Più di 74mila candidati per 38.184 posti disponibili. A una settimana dal test di ammissione, in programma il prossimo 16 settembre, le professioni sanitarie registrano un deciso aumento dell'attrattività: le domande crescono di oltre 10mila unità rispetto allo scorso anno, segnando un +16%. Dopo la flessione registrata nel 2025, torna quindi a crescere l'interesse dei giovani per i corsi di laurea delle 22 professioni sanitarie. E tra i dati più significativi c'è quello di Infermieristica: le candidature sfiorano quota 21.500, con un aumento del 14% rispetto alle 18.836 dello scorso anno, tornando così a superare i 20.672 posti disponibili. Un'inversione di tendenza particolarmente rilevante alla luce della carenza di infermieri che continua a interessare il Servizio sanitario nazionale e della necessità di rafforzare anche gli organici della sanità territoriale. "Il ritorno di interesse dei giovani verso le professioni sanitarie rappresenta un segnale importante per il futuro del nostro Servizio sanitario nazionale", commenta Gianluca Giuliano, segretario nazionale di UGL Salute.
"Fisioterapisti, ostetriche, dietisti, tecnici sanitari, igienisti dentali e tutte le altre figure che compongono il variegato mondo delle professioni sanitarie tornano a essere considerate dai giovani una concreta opportunità di formazione e di lavoro", aggiunge Giuliano. L'aumento, tuttavia, non riguarda tutte le professioni nello stesso modo. Fisioterapia resta il corso più richiesto, con un numero di domande pari a circa sei volte i posti disponibili. Anche Logopedia, Ostetricia e Tecniche di radiologia medica registrano un rapporto tra candidature e posti che va da tre a quattro.

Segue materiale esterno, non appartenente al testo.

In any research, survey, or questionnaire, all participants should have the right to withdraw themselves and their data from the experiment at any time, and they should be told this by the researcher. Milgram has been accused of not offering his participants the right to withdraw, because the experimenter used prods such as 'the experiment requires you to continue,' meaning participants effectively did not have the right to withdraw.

Per altre professioni, invece, come Assistente sanitario o Tecnico audiometrista, l'offerta formativa continua a superare ampiamente il numero delle domande. I dati, raccolti a ridosso della chiusura delle iscrizioni e relativi a 41 atenei pubblici e 9 università private, fotografano comunque un'inversione rispetto all'anno precedente, quando il calo delle candidature aveva sollevato interrogativi soprattutto sul futuro della formazione infermieristica. Tra i fattori che potrebbero aver contribuito alla ripresa ci sono le attività di orientamento promosse dagli atenei e dalle organizzazioni delle professioni sanitarie, l'aggiornamento dell'offerta formativa e lo sviluppo di nuovi percorsi di specializzazione post-laurea. A incidere potrebbe essere stata anche una maggiore attenzione alle prospettive occupazionali e alla stabilità lavorativa. Alvisa Palese, professore ordinario di Scienze infermieristiche all'Università di Udine e presidente nazionale della Conferenza dei corsi di laurea e laurea magistrale delle professioni sanitarie, richiama in particolare il lavoro svolto sul fronte dell'orientamento attraverso la rete del progetto Tutorato Orientamento Professioni Sanitarie. "L'evidente ripresa dell'attrattività delle lauree triennali ci incoraggia a proseguire con ancora maggiore convinzione lungo la strada intrapresa e ad ampliare ulteriormente le iniziative", sottolinea. "È un segnale importante: le professioni sanitarie stanno tornando ad attrarre un numero crescente di persone, grazie a una formazione altamente professionalizzante e a concrete prospettive di inserimento e stabilità lavorativa".
Per Giuliano, però, la crescita delle domande non significa che le criticità siano superate. "Questi numeri non devono indurre a pensare che l'emergenza sia risolta. Al contrario, devono rappresentare uno stimolo a costruire una strategia di lungo periodo. Se un numero maggiore di giovani sceglie di investire il proprio futuro nelle professioni sanitarie, il sistema deve essere pronto ad accoglierli e, soprattutto, a trattenerli". Secondo UGL Salute, all'aumento delle iscrizioni dovranno quindi accompagnarsi politiche capaci di rendere più attrattivo il lavoro nel Servizio sanitario nazionale, intervenendo su assunzioni, stabilità occupazionale, retribuzioni, valorizzazione delle competenze, formazione e percorsi di crescita professionale. "Abbiamo davanti una generazione che sta dimostrando di credere ancora nel valore sociale delle professioni sanitarie", conclude Giuliano. "Ora tocca alle istituzioni trasformare questo interesse in una prospettiva concreta. La crescita delle domande è una buona notizia; la vera sfida sarà fare in modo che chi sceglie una professione sanitaria possa costruire qui il proprio futuro, contribuendo al rafforzamento del nostro Ssn".